[PROBLEM STATEMENT]:
From the first line of the data below, repeat each line exactly until you reach the line with "MEDFIELD - Residential"; include that line too.

[DATASET CONTENT]:
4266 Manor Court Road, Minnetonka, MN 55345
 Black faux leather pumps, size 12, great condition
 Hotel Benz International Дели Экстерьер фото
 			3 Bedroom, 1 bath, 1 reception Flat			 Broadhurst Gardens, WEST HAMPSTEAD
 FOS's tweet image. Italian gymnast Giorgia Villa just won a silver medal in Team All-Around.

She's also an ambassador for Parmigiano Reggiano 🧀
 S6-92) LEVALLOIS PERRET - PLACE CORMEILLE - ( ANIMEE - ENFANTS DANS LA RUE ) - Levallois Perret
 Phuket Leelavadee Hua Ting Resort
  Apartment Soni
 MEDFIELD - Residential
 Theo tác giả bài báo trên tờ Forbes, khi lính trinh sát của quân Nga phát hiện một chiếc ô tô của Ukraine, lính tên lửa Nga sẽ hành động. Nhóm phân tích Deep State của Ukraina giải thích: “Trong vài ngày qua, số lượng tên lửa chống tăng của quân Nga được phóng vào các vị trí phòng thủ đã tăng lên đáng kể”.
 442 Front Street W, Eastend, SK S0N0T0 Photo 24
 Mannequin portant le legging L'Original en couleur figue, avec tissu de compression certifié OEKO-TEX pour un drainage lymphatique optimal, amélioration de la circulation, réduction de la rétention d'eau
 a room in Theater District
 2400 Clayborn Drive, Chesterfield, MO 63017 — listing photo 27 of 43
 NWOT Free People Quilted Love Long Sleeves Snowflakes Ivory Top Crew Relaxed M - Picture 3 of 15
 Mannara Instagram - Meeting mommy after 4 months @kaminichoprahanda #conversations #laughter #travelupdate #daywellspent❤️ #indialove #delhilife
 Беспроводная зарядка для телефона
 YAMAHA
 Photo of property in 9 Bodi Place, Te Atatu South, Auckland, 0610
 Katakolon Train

[TASK RESPONSE]:
4266 Manor Court Road, Minnetonka, MN 55345
 Black faux leather pumps, size 12, great condition
 Hotel Benz International Дели Экстерьер фото
 			3 Bedroom, 1 bath, 1 reception Flat			 Broadhurst Gardens, WEST HAMPSTEAD
 FOS's tweet image. Italian gymnast Giorgia Villa just won a silver medal in Team All-Around.

She's also an ambassador for Parmigiano Reggiano 🧀
 S6-92) LEVALLOIS PERRET - PLACE CORMEILLE - ( ANIMEE - ENFANTS DANS LA RUE ) - Levallois Perret
 Phuket Leelavadee Hua Ting Resort
  Apartment Soni
 MEDFIELD - Residential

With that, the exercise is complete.